In this paper, we propose a probabilistic approach to represent interval data for input variables in reliability and uncertainty analysis problems, using flexible families of continuous Johnson distributions. Such a probabilistic representation of interval data facilitates a unified framework for handling aleatory and epistemic uncertainty. For fitting probability distributions, methods such as moment matching are commonly used in the literature. However, unlike point data where single estimates for the moments of data can be calculated, moments of interval data can only be computed in terms of upper and lower bounds. Finding bounds on the moments of interval data has been generally considered an NP‐hard problem because it includes a search among the combinations of multiple values of the variables, including interval endpoints. In this paper, we present efficient algorithms based on continuous optimization to find the bounds on second and higher moments of interval data. With numerical examples, we show that the proposed bounding algorithms are scalable in polynomial time with respect to increasing number of intervals. Using the bounds on moments computed using the proposed approach, we fit a family of Johnson distributions to interval data. Furthermore, using an optimization approach based on percentiles, we find the bounding envelopes of the family of distributions, termed as a Johnson p‐box.

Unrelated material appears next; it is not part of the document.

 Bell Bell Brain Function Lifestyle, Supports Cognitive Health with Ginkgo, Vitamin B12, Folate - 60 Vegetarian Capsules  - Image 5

The idea of bounding envelopes for the family of Johnson distributions is analogous to the notion of empirical p‐box in the literature. Several sets of interval data with different numbers of intervals and type of overlap are presented to demonstrate the proposed methods. As against the computationally expensive nested analysis that is typically required in the presence of interval variables, the proposed probabilistic representation enables inexpensive optimization‐based strategies to estimate bounds on an output quantity of interest.